As before, we can start by finding the null fields that are present at the beginning:
$ awk '/^,/{print $0}' data.csv
,a1,a2,a3,a4,a5
,b2,b3,,b5
We got the correct lines.
Now, let’s find the lines that have null fields in the middle:
$ awk '/,,/{print $0}' data.csv
,b2,b3,,b5
c1,,c3,c4,c5
d1,,,d4,
f1,,f3
As expected, we got the second, third, fourth, and sixth lines as the output.
Moving on, let’s find the lines that have null fields at the end:
$ awk '/,$/{print $0}' data.csv
d1,,,d4,
g1,g2,g3,
Finally, let’s merge these patterns using the | operator and search all the lines that have one or more null fields:
$ awk '/^,|,|,,/{print}' data.csv
,a1,a2,a3,a4,a5
,b2,b3,,b5
c1,,c3,c4,c5
d1,,,d4,
e1,e2,e3
f1,,f3
It looks like we nailed this one.
6. Using mlr
In this section, we’ll explore an interesting utility, mlr, that excels at working with structured text, such as CSV and TSV files.

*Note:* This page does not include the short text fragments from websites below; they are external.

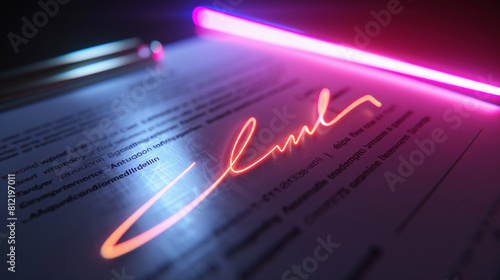 Wallpaper Mural Illuminate Your Commitment: Glowing Signature on Legal Contract Torontodigital.ca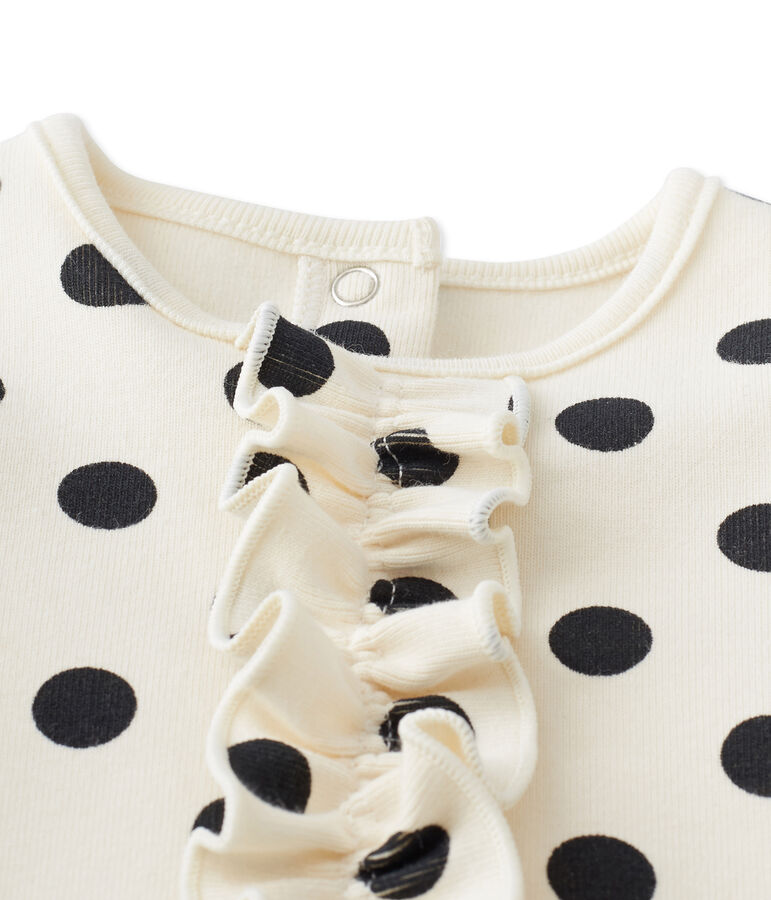 Robe b&eacute;b&eacute; fille &agrave; pois blanc/gris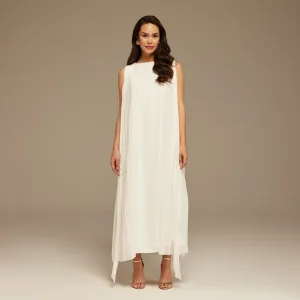 Ivory Pleated cape  Sleeveless Crepe dress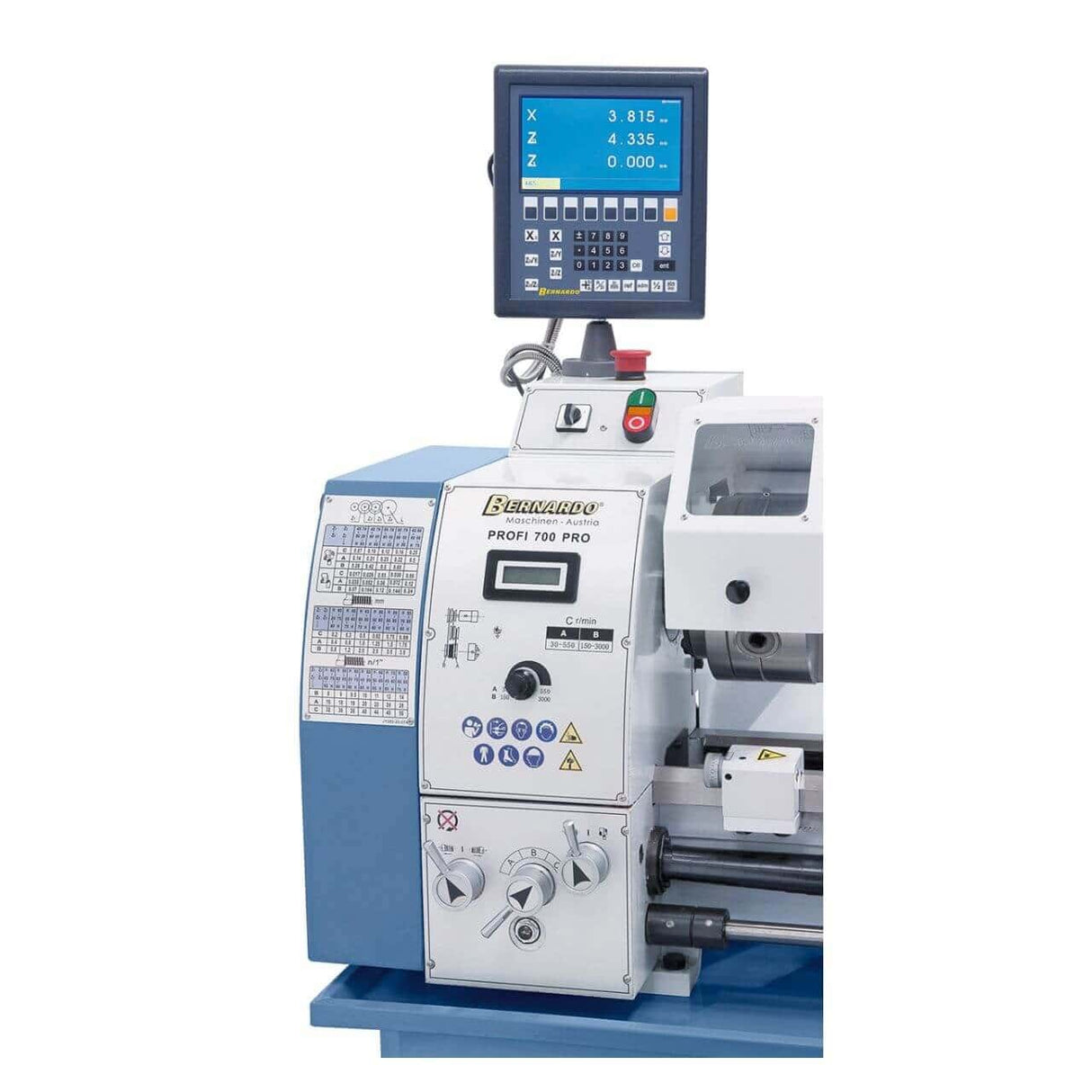 Tornio Bernardo Profi 700 PRO Vario / 400 V con DRO – Potente e preciso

Since mlr doesn’t come preinstalled in Linux distributions, let’s first install the utility:
$ apt-get install miller
Now, we can define a custom filter in the is_null_filter.mlr file to iterate over all fields and check for the presence of a null field:
$ cat is_null_filter.mlr
@is_null = false;
for (key, value in $*) {
if (value == "") {
@is_null = true;
break;
}
}
filter @is_null;
At first glance, it might seem unfamiliar. However, the definition is quite intuitive and simple. Let’s break down the logical flow of the script.

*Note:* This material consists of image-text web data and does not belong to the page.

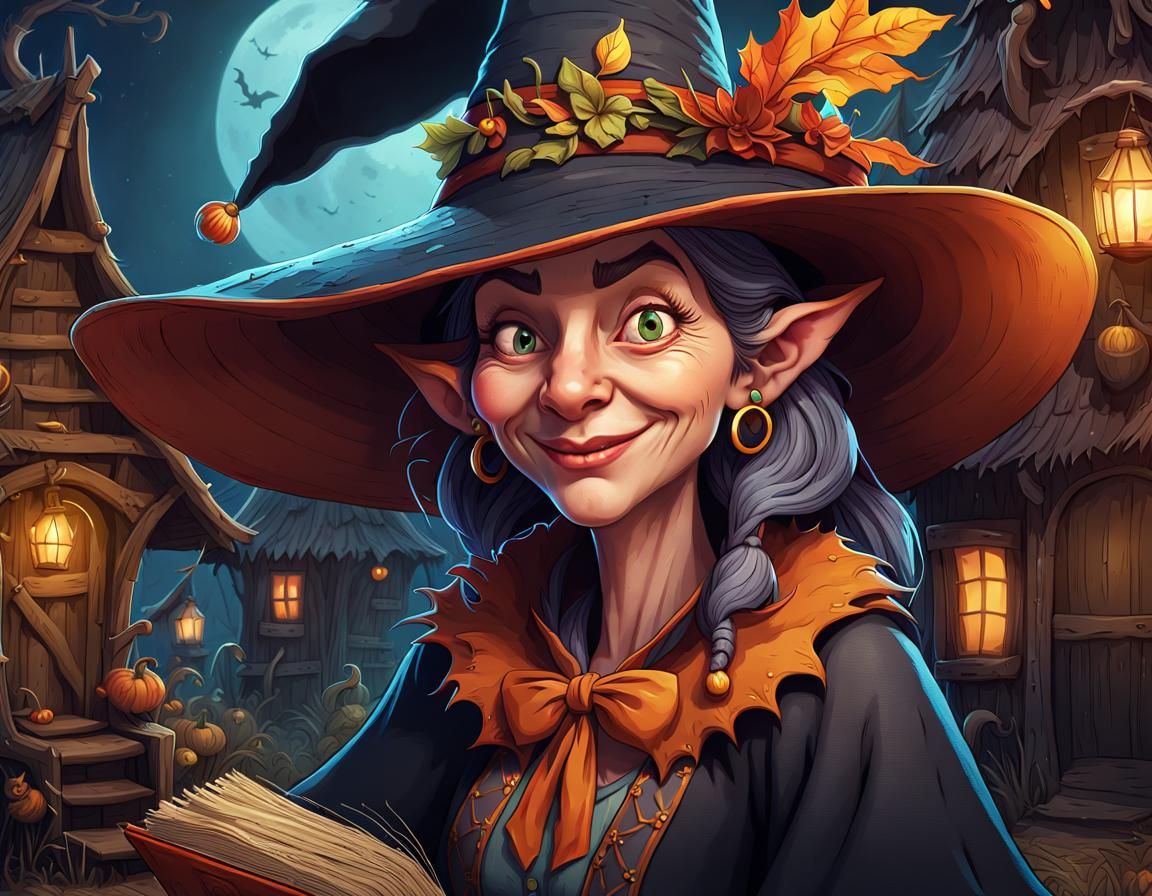 portrait of a funny witch - AI Generated Artwork - NightCafe Creator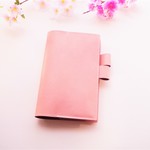 【試作品価格】✻ ジブン手帳  ✻　mini　B６サイズスリム用　✻　手帳カバー　✻　牛革　✻　桜ピンク　✻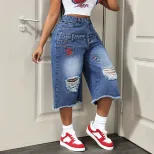 Womens Distressed Denim Capris Casual Summer Style Blue Color Available in S to XL Wholesale Supply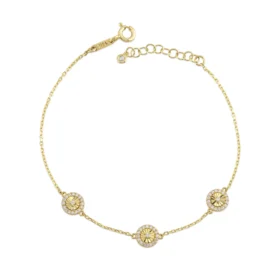 Flamenko Trio Taşlı Altın Bileklik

First, we’ve initialized a variable, @is_null, as false. Then, we iterate over each field’s value and compare it with an empty string. If we find a match, we set @is_null to true and break out of the for loop. Lastly, we set the filter as @is_null‘s value.
Next, let’s see this in action by processing the data.csv with the is_null_filter.mlr script:
$ mlr --fs comma put -f is_null_filter.mlr data.csv
1=,2=a1,3=a2,4=a3,5=a4,6=a5
1=,2=b2,3=b3,4=,5=b5
1=c1,2=,3=c3,4=c4,5=c5
1=d1,2=,3=,4=d4,5=
1=f1,2=,3=f3
1=g1,2=g2,3=g3,4=
The output lines are as expected, except for the extra indices for each field. Further, we must note that we passed comma as the field separator with –fs option. Additionally, we use the put sub-command to put the processing operation for each line with the is_null_filter.mlr script.

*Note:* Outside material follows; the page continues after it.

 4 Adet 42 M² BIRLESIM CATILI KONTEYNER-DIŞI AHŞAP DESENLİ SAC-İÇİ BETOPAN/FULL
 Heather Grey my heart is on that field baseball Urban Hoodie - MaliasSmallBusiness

Lastly, let’s use the –nidx option to suppress the indices and show the lines as available in the data.csv file:
$ mlr --nidx --fs comma put -f is_null_filter.mlr data.csv
,a1,a2,a3,a4,a5
,b2,b3,,b5
c1,,c3,c4,c5
d1,,,d4,
f1,,f3
g1,g2,g3,
Excellent! We learned an interesting utility while solving our use case.
7. Conclusion
In this article, we learned how to check for null fields in a CSV file. Further, we explored different Linux utilities, such as sed, awk, and grep, to perform pattern matching for null fields and return the matching lines.
Additionally, we also learned about the mlr utility and used it to solve our use case with ease.